It is **not** thus among Western Europe (and Mexican universities, in this respect, most closely resemble the educational system of Spain). You get tracked much earlier, which would be like declaring a major or going into an apprenticeship in the Yankee context, between age 14 and 16. Take a look at this tree of educational tracks for French adolescents from a research paper by Megan McGurl at a liberal arts college in the U.S. state of Georgia).

In the U.S., any student from any high school can apply to any university in the country. Once there, you can change your major several times. Your author recently appeared on Jeopardy! — the champ from my game is now a math teacher who, as an undergraduate at UCLA, cycled through such unrelated fields as biochemistry, philosophy, physiology, and finally ended up in statistics. This educational journey would never happen in France, especially at a highly selective university.

If you wanted to be a statistician, you’d have to be placed on the statistics track. Philosophy? One of the most competitive majors in the land of Sartre and de Beauvoir. And higher math would not be seen as necessary for a successful life outside the sciences.

So, at what age do Western European students learn algebra as a distinct field? The answer is … they wouldn’t recognize “algebra” as a distinct year that is divorced from other math courses. It’s all just … math class, taught in what we might term an integrated curriculum. In Italy, Germany, Switzerland, and yes, France, home of Descartes, algebraic skills are taught throughout the entirety of secondary school: and the stronger you are at STEM, the more likely you are to be encouraged on the STEM track.

How does Western Europe compare to the US in how its 15-year-olds perform mathematically? In the most recent PISA mathematics results, Switzerland was the top-scoring country outside East Asia, Italy was exactly the mean score for OECD countries, and the US was below average. It seems like integrated math is, at the very least, not correlated with lower performance, and very likely outperforms the standard U.S. curriculum.
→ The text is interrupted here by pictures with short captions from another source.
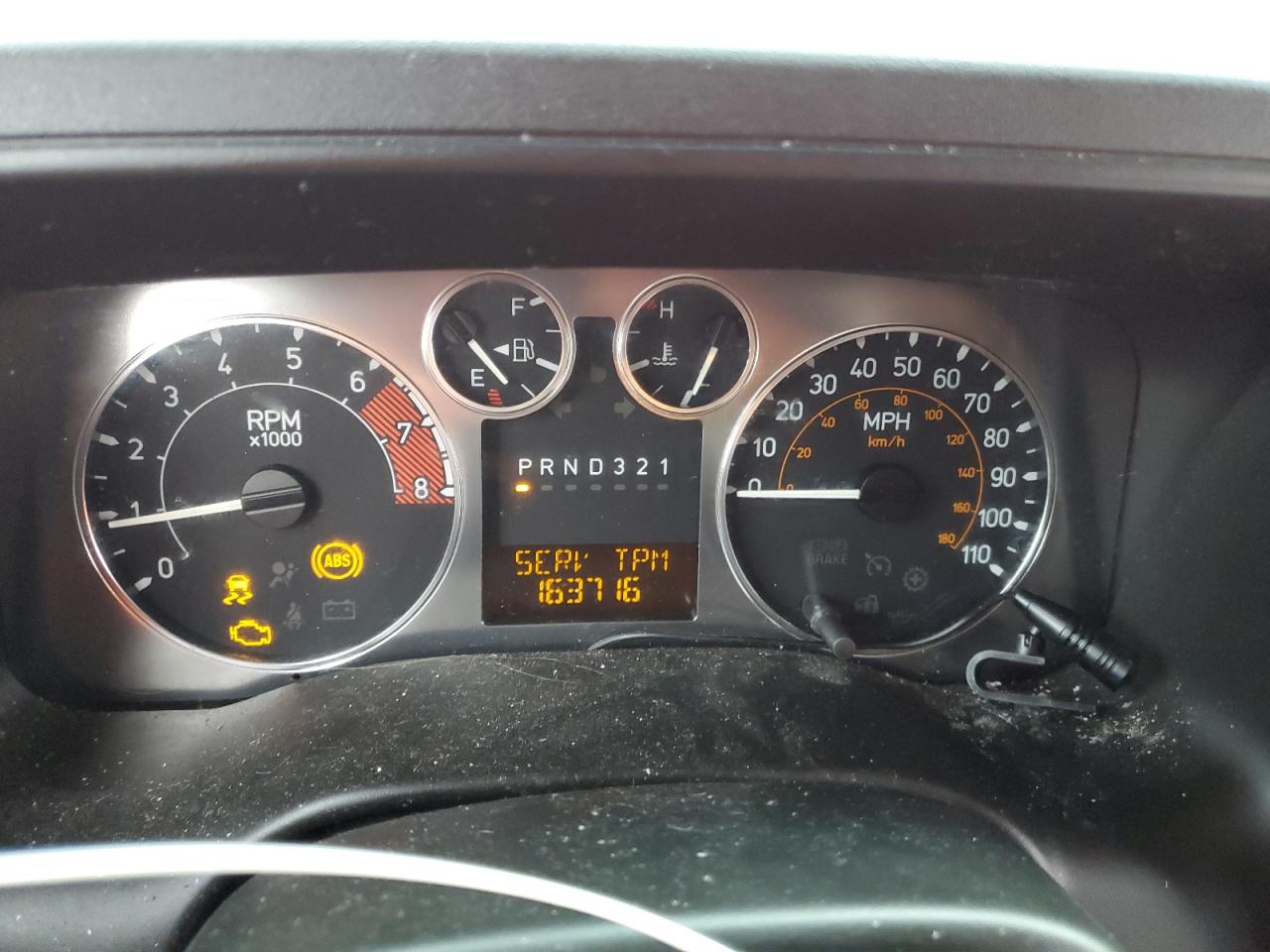 2008 Hummer H3 - Image 9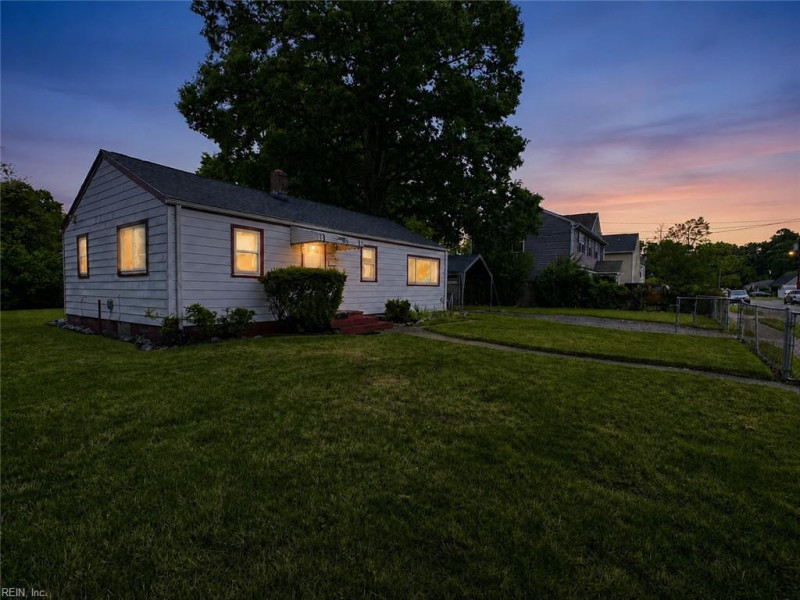 Photo 2 of 19 residential for sale in Norfolk virginia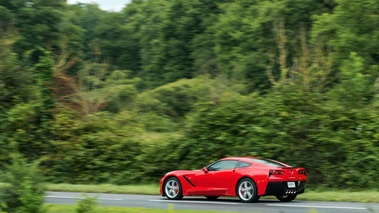 Chevrolet Corvette C7 Stingray rouge 3/4 arrière gauche filé 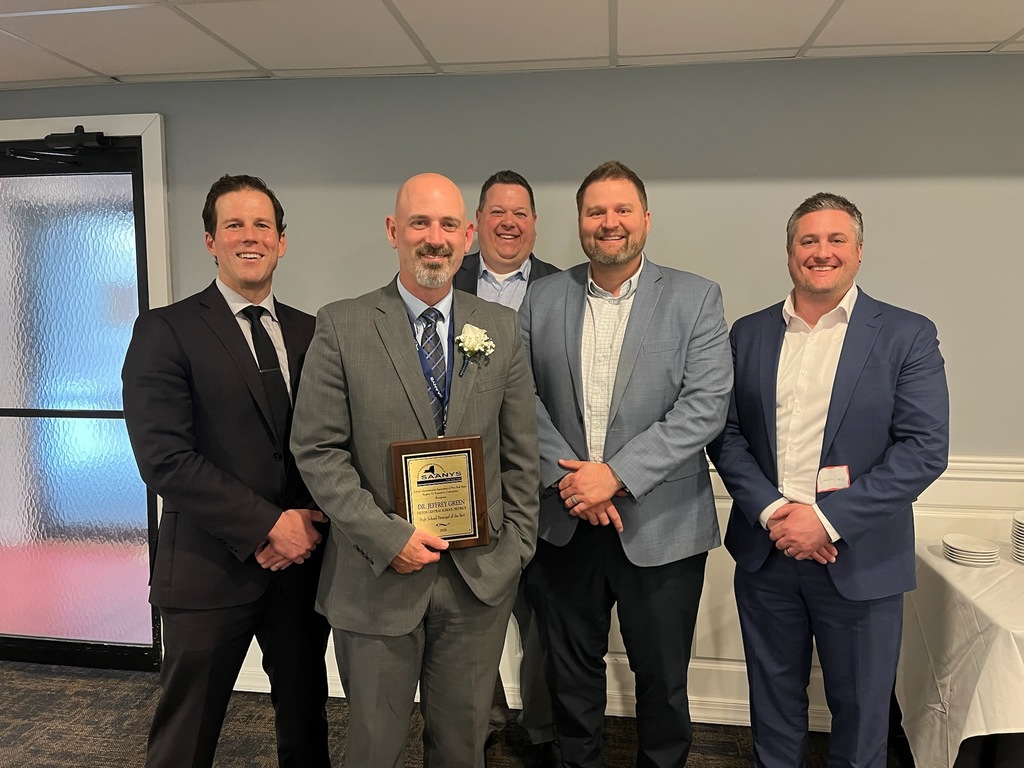 Dr Green Wins SAANYS Award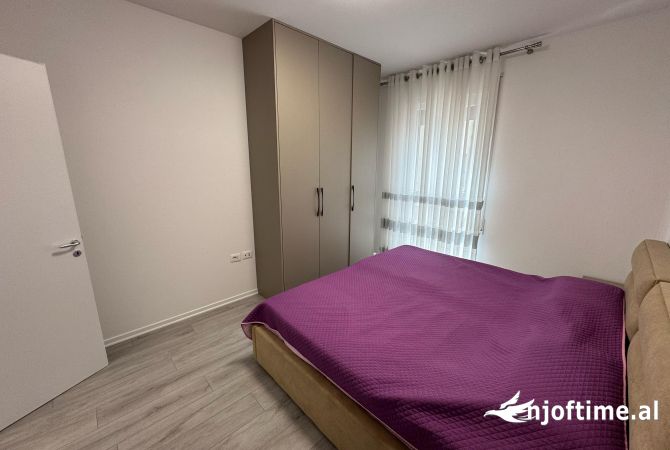 Shtepi me qera Apartament ne Tirane, 2+1, Mobilimi E mobiluar, Pagesa 730  Euro.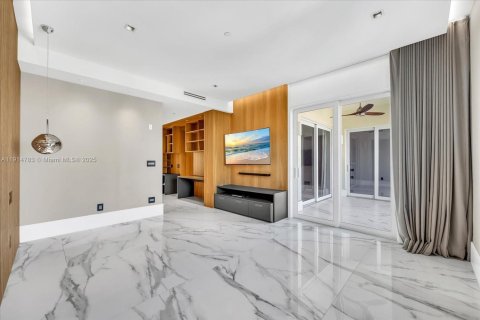 Condo in Miami Beach, Florida, 4 bedrooms  № 1970219 - photo 16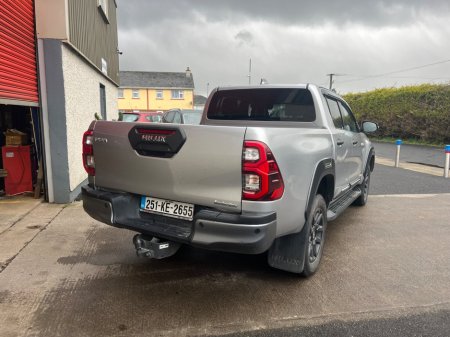 2025 Toyota Hilux - thumbnail 4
What about Canada’s math results?

I audibly said “wow” when looking at the following table, so you know I’m about to be invited to a wild fly-watching party *à tout moment*. Take a careful look at which province stands apart:

Prince Edward Island, well-known to bookish sensitive gingers for the setting of the *Anne of Green Gables* series (set in the 1870s), showed the greatest increase from the baseline. Anne herself became a teacher after going to a “normal” (education) school on a full-ride scholarship, and ended up marrying Gilbert Blythe, a doctor, with whom she frequently battled for top of the class. This excerpt shows that even in the era of puffed Gigot sleeves in the late 1800s, Canada’s English-speaking math curriculum was split into discrete courses that wouldn’t seem unfamiliar to a competitive secondary student today:**

Oh, Diana, if only the geometry examination were over! But there, as Mrs. Lynde would say, the sun will go on rising and setting whether I fail in geometry or not. That is true but not especially comforting. I think I'd rather it didn't go on if I failed!

Yours devotedly,

Anne

Although rural PEI’s increase from 2010 to 2013 to 2016 in the pan-Canadian competition is impressive and would likely give Anne and Gilbert a run for their trapezoids, francophone Quebec is the clear standout in all three years.

In this article, Paul W. Bennet examines the reasons for the Québecois math advantage.
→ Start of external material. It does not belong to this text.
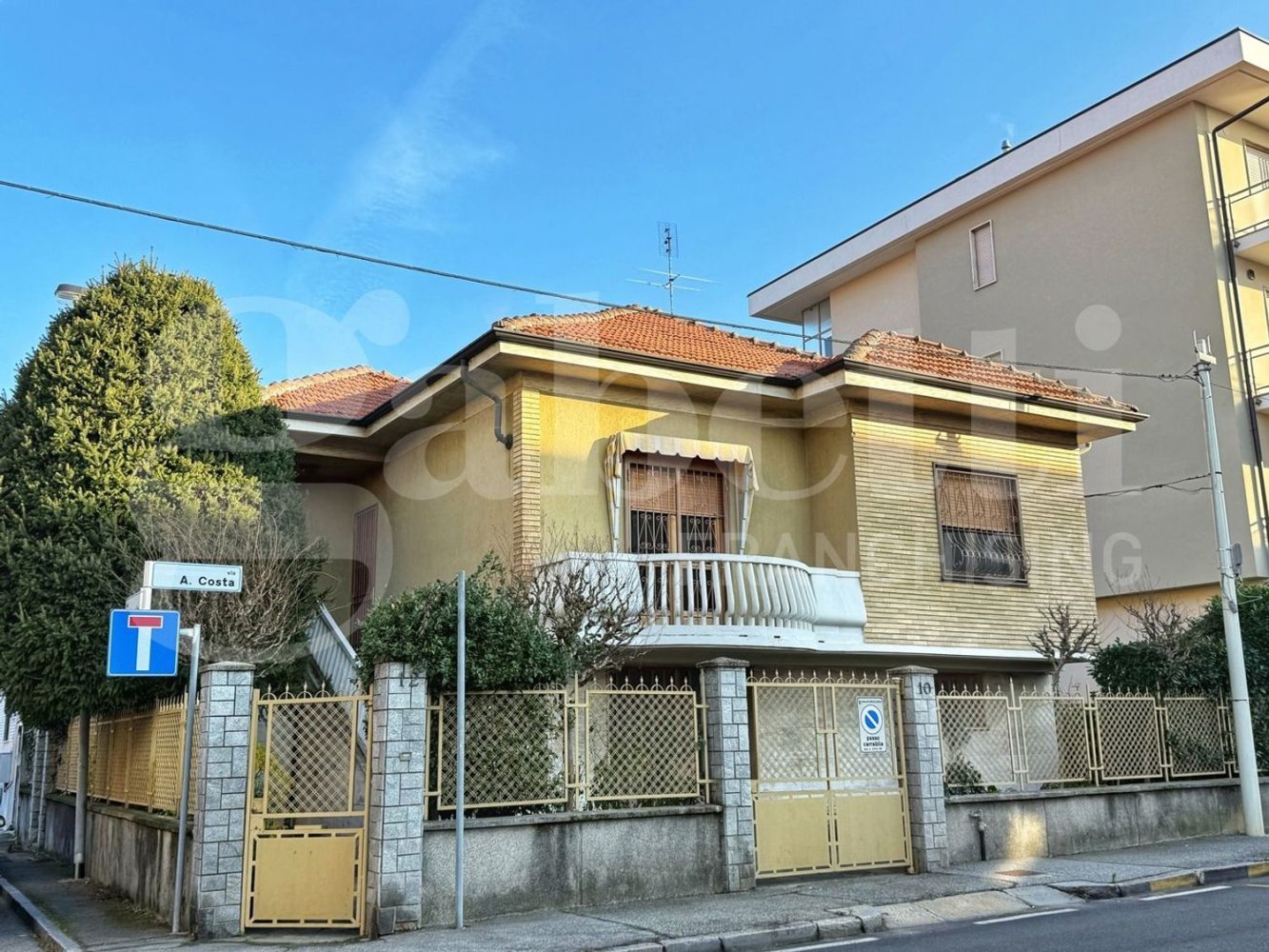 5-Zimmer Villa in Grugliasco, Italy, Nr. 7899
Fewer topics tend to be covered at each grade level in Quebec, but they are covered in more depth than in BC and other Canadian provinces.

In other words, the original settlers — New France vs New England — brought certain attitudes towards math education to their new land that grew surprisingly deep. As long ago as 1827, Harvard required algebra to enter — Puritans didn’t like this as it felt too mercantile, but it stayed in the curriculum. For two centuries since, we have taught Algebra with a capital A as a separate “thing,” often forgotten afterwards, since our numeracy and abstract reasoning skills are below average.

According to the report, Quebec schools feel no particular compunction to graduate every student — they have much lower graduation rates than the rest of Canada. In other words, more positive attitudes to math and more comfort with “tracking” could help explain the difference in outcomes.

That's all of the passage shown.